§ Your objective:
Extract the full listing verbatim and drop any pictures from your copy.

§ Collected data:
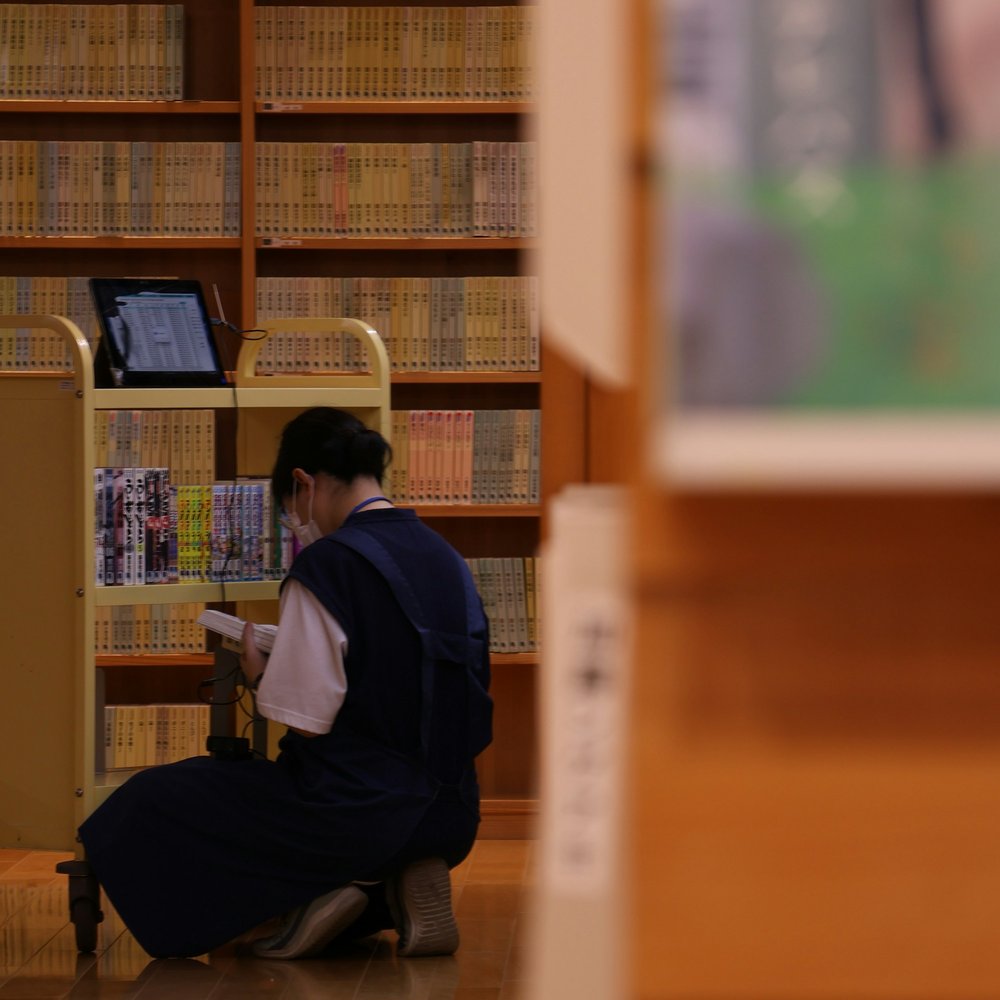 図書館の書架で本を選ぶ人
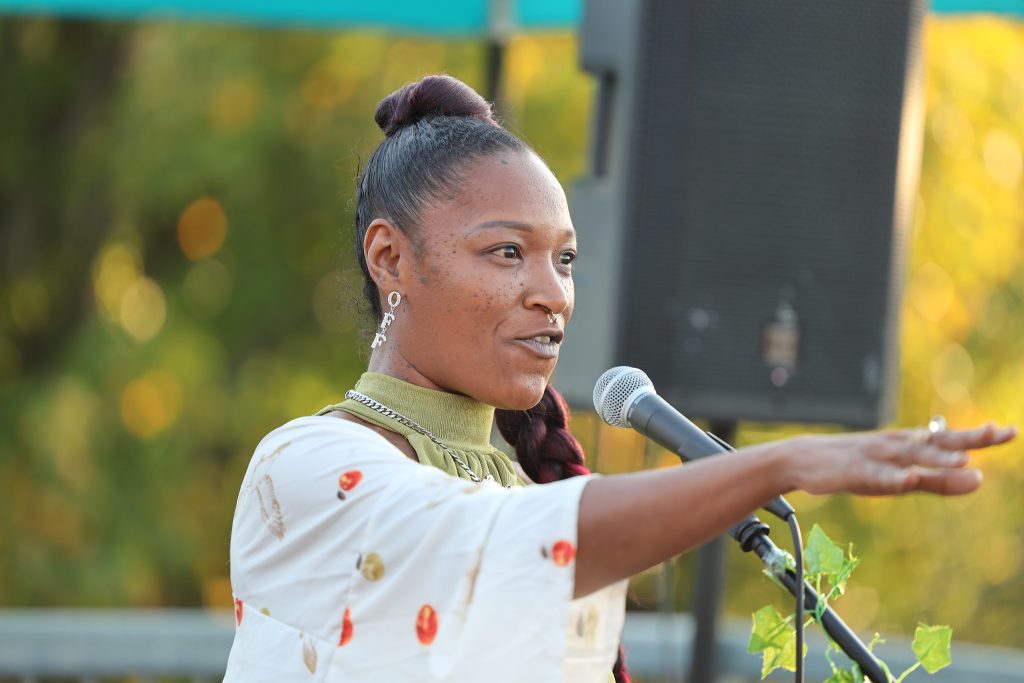 Image: A rooftop open mic at Proof: A Midwest Lit Fest in Indianapolis, IN. The open mic was hosted by That Peace and VOCAB, two popular and long-running Indianapolis open mics. Speaking into the mic is poet Januarie York, host of VOCAB open mic. Photo credit: Indiana Humanities.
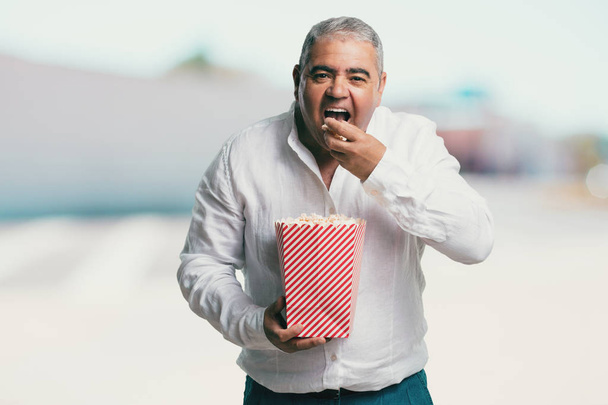 Středního věku člověka šťastná a spokojená, drží prokládané popcorn kbelík, překvapil nový film, oči otevřené a obdiv - Fotografie, Obrázek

§ Exercise result:
 図書館の書架で本を選ぶ人
 Image: A rooftop open mic at Proof: A Midwest Lit Fest in Indianapolis, IN. The open mic was hosted by That Peace and VOCAB, two popular and long-running Indianapolis open mics. Speaking into the mic is poet Januarie York, host of VOCAB open mic. Photo credit: Indiana Humanities.
 Středního věku člověka šťastná a spokojená, drží prokládané popcorn kbelík, překvapil nový film, oči otevřené a obdiv - Fotografie, Obrázek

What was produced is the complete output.